Cesário teve a impressão de que ouvia aquele velho conselho sobre o qual passara tantas vezes sem ver nada de profundo, pela primeira vez, e sentiu que ele encerrava um alto e novo sentido.
– Isto foi dito pelo mais alto espírito que a humanidade conheceu! Tenha sempre em vista isto, meu amigo: você será tanto melhor quanto mais se convencer que não deve trair sua natureza, sob esse aspecto realmente privilegiada, ouviu?
– Padre Tobias, eu não encontro palavras com que agradecer tudo o que o senhor acaba de dizer sobre mim! Neste momento, sob a ação de suas palavras, eu tenho, eu sinto como que uma compreensão de tudo. Tudo me aparece de repente sob um outro prisma. Obrigado, Padre Tobias!
Cesário estava comovido até às lágrimas, lágrimas de uma alegria que nunca experimentara, e era à força que as dominava.
– Então, meu amigo, está aí o melhor agradecimento que você me pode fazer: dar-me a certeza de que, se alguma influência exerço sobre seu espírito, é uma boa influência. A nossa comum aspiração não é fazemo-nos “aprendizes de santos”? Vamos fazê-lo juntos! Eu também quero que você me ensine o que sabe!...
– Eu não sei nada, Padre Tobias (e Cesário aproximou-se dele, segurando as mãos) o senhor é que é um santo, disse, e num transporte em que ia toda a sua terna admiração por Padre Tobias, beijou-lhas e saiu precipitadamente do quarto.
Recolheu-se à capela.
“Que homem admirável, pensava ele, que criatura estranha este Padre Tobias!
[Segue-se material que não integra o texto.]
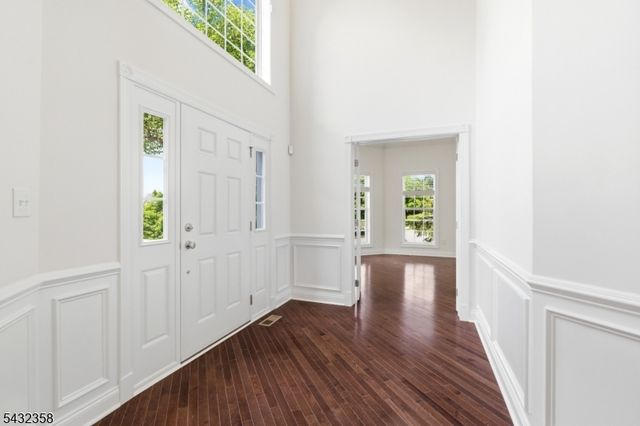 8 Fields Way, Mount Olive Twp., NJ 07828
Os primeiros cristãos, os cristãos das catacumbas não seriam de outro jeito… Cada vez me sinto mais perto dele, que alma!”
O sino bateu e começaram a entrar os colegas. Enquanto não começava a oração da noite, Cesário ainda pensou: “Interessante, já o ano passado reparei numa coisa: todas as vezes que volto de uma conversa com ele, tenho o sentimento de que não estou em meu lugar… Que será isso? Gostaria de não voltar assim da presença dele! Que será isso?”